I could be on the brink of a nervous breakdown and ridden with anxiety yet somehow, I can manage to look pretty composed and calm. I keep my face as controlled as possible and try to play it off like I'm totally and completely relaxed. And many people buy it. No one can guess that I'm freaking out. I just seem... Fine. Okay. Chill. No one knows when I'm losing it. It probably makes my breakdowns seem so sudden and out of nowhere because I don't show any previous signs of my being about to lose it. I just do.
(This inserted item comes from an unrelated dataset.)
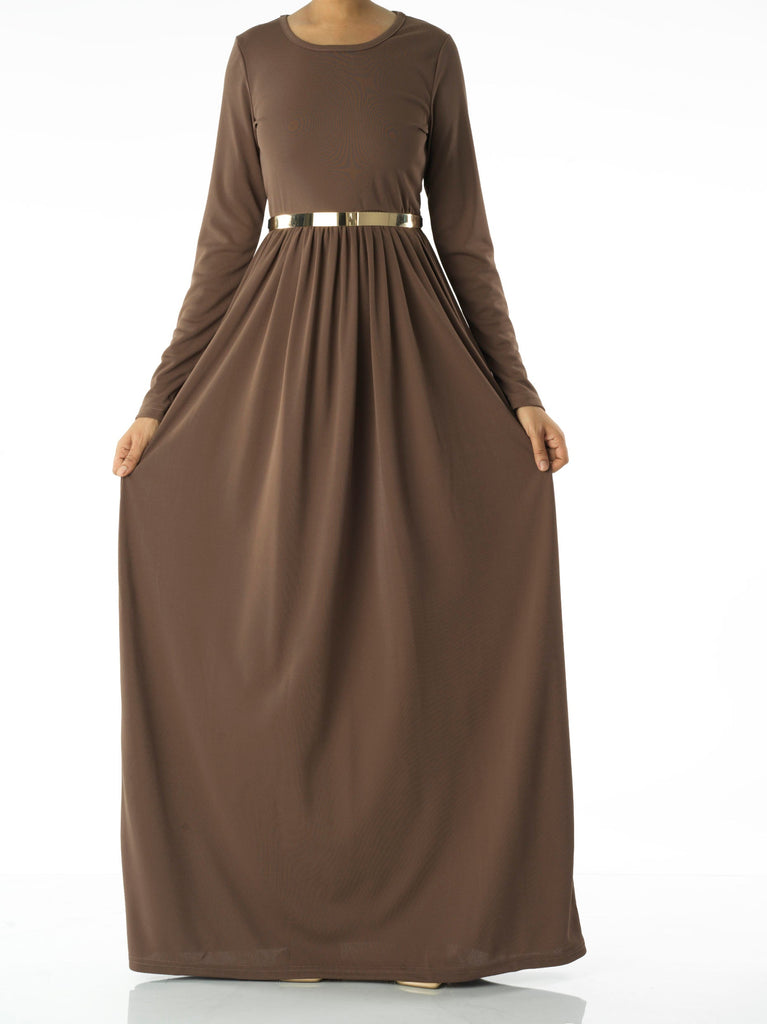 Chestnut Brown ORIGINAL Milk Silk Maxi Dress Kabayare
To others, I'm calm one moment and then I'm screaming and crying. That wasn't so sudden at all because I was freaking out pretty badly before I started screaming and crying. I was just good at wearing my mask and acting cool, but I felt myself losing it on the inside before it stretched out into my exterior.

Oddly enough, the only person who can tell is my best friend. I don't know how, but she notices something. It's really weird because my own relatives can't tell a thing, yet she can. I don't know how, but she's the only one who notices and even then, she senses I'm only freaking out a LITTLE BIT when it is in fact very much so. How she can sense that "bit" of nervousness or anxiety at all, I have no idea. I'm just shocked she can sense a bit at all.
deadmoon deadmoon
22-25, F
1 Response Jan 19, 2013

Poker face.
*pokes your face*
Poke 'er face.

There are these little differences that appear on your face as well as changes in your mannerism, that only certain people notice. People that see you often and pay attention to the details.

There was this one time, I faintly smiled for whatever reason. And mom asked me why I was smiling.. I later checked in a mirror, and it was the slightest change on my lips- not enough for dimples, happy eyes, upward curve.. nothing but a millimeter difference.